TORINO – Torniamo al nostro caro Café Müller, teatro polivalente in pieno centro di Torino. Spazio ideale per ospitare Franca Pagliassotto e il suo lavoro Evocative Triptych.

La coreografa e regista ha collaborato per anni con il coreografo brasiliano Ismael Ivo. È proprio con lui che, nell’ambito del Festival International Impuls Tanz, ha definito la creazione di un progetto di contaminazione tra arti differenti, con l’intento di abbattere quei confini invisibili. Ed è questa l’idea che da vita anche a Evocative Triptych in un percorso che passa attraverso la danza, il cinema e la letteratura.

Un ambiente claustrofobico

La Pagliassotto vuole raccontare un punto di vista difficile, quello femminile. Quello che spesso ritroviamo nelle pagine di cronaca. Lo sguardo di donne costrette ad esperienze traumatiche, ad una violenza e una soggezione terribili.
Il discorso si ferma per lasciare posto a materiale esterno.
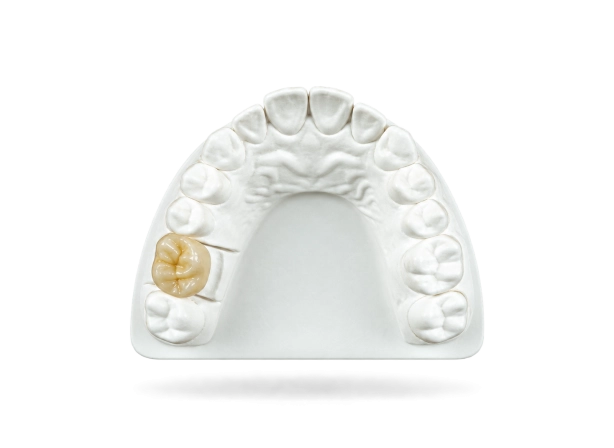 Couronne zircone monolithique sur mesure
Non le chiameremo vittime, o almeno non solo. Costrette anche a rialzarsi, a ricucire le ferite per quanto sia possibile.

Così l’ambiente si fa claustrofobico, evocando tutta la frustrazione e l’angoscia: luci calde e fioche, nebbia e ritmo incalzante. C’è una sorta di brandina al centro della scena, perché le interpreti partono da posizioni supine per poi trovare la propria posizione eretta.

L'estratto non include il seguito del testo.